## The problem
Restate word for word the material below, starting at the line that contains "office chair swivel" and stopping after the last line; skip pictures.

----- Supplied material -----

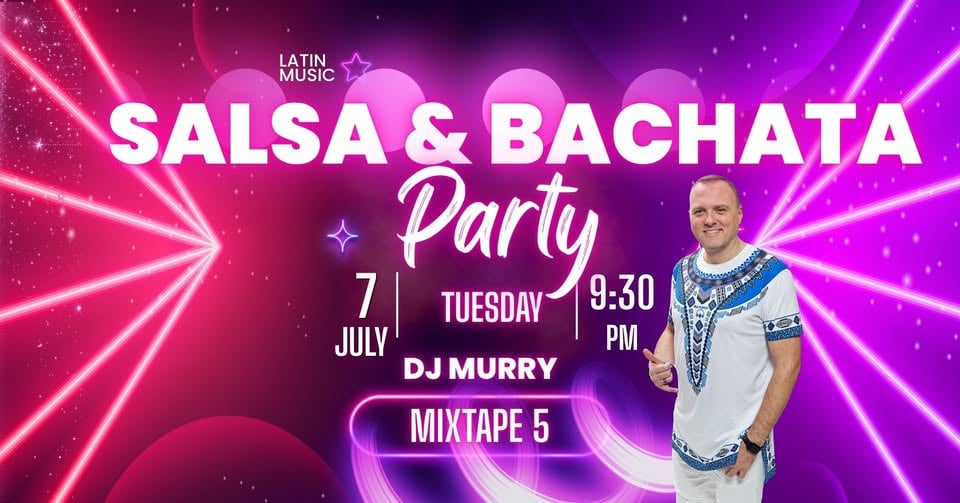 Плакат: Time Out Salsa Night & DJ MURRY at *mixtape5* | 7.07 | 21:30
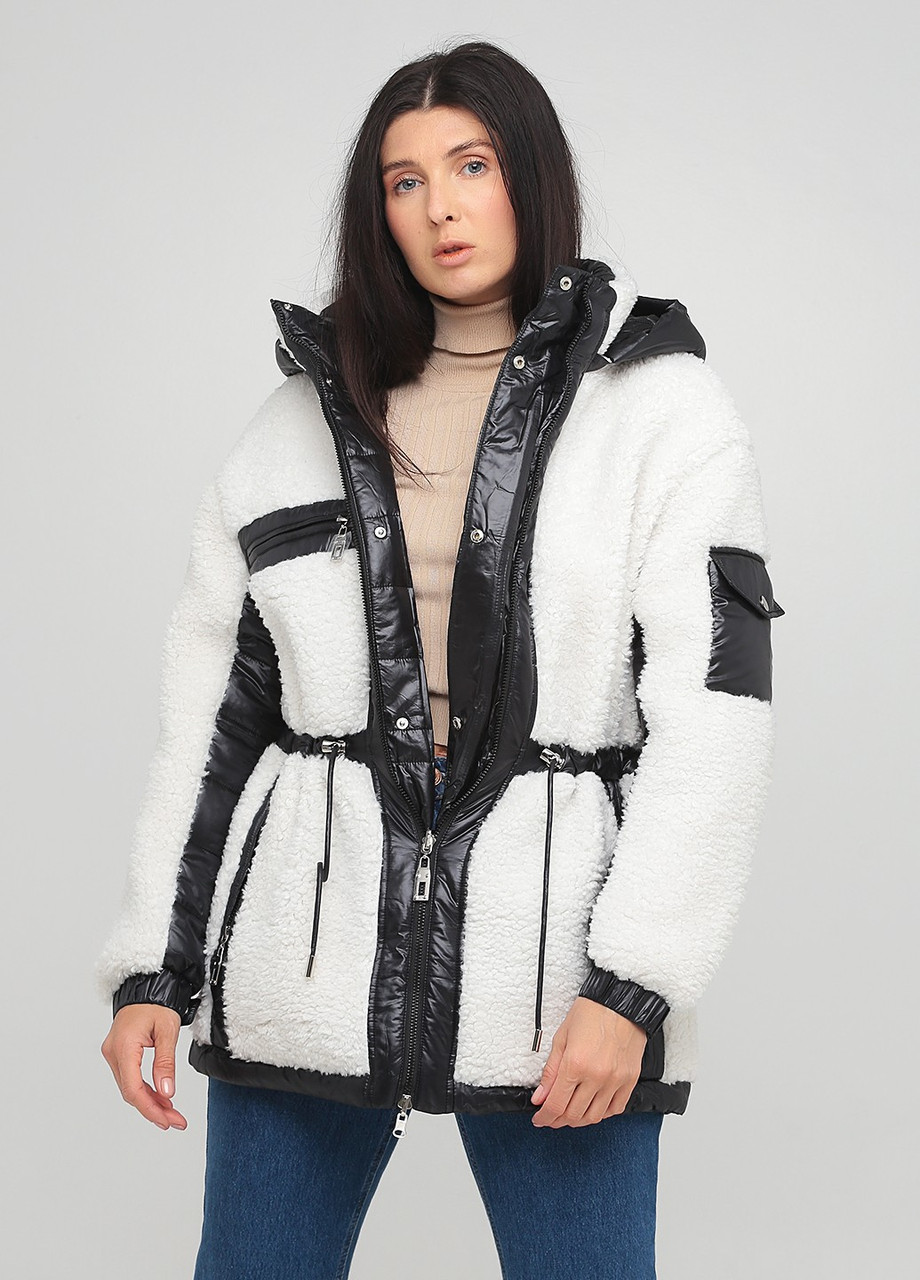 Куртка двостороння зимова Snow Owl 21640 S Біло-чорна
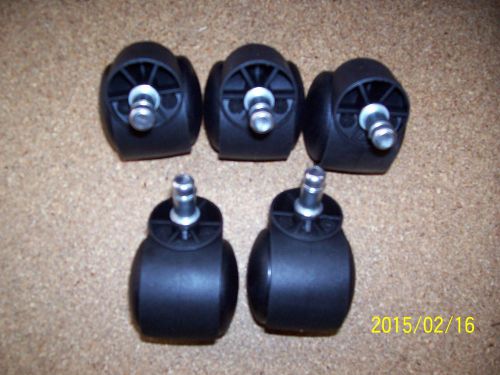 office chair swivel casters 6 pkgs. of 5, new in pkgs.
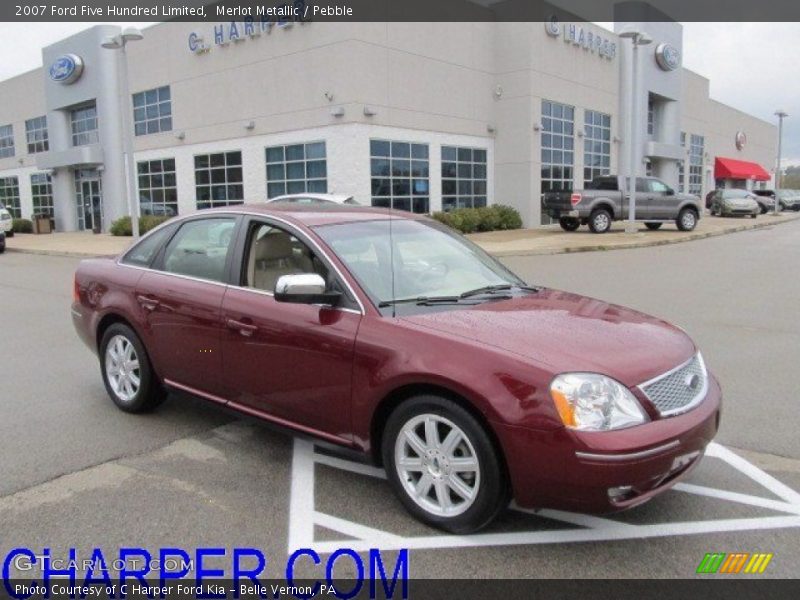 Merlot Metallic / Pebble 2007 Ford Five Hundred Limited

-----

## Response area
 office chair swivel casters 6 pkgs. of 5, new in pkgs.
 Merlot Metallic / Pebble 2007 Ford Five Hundred Limited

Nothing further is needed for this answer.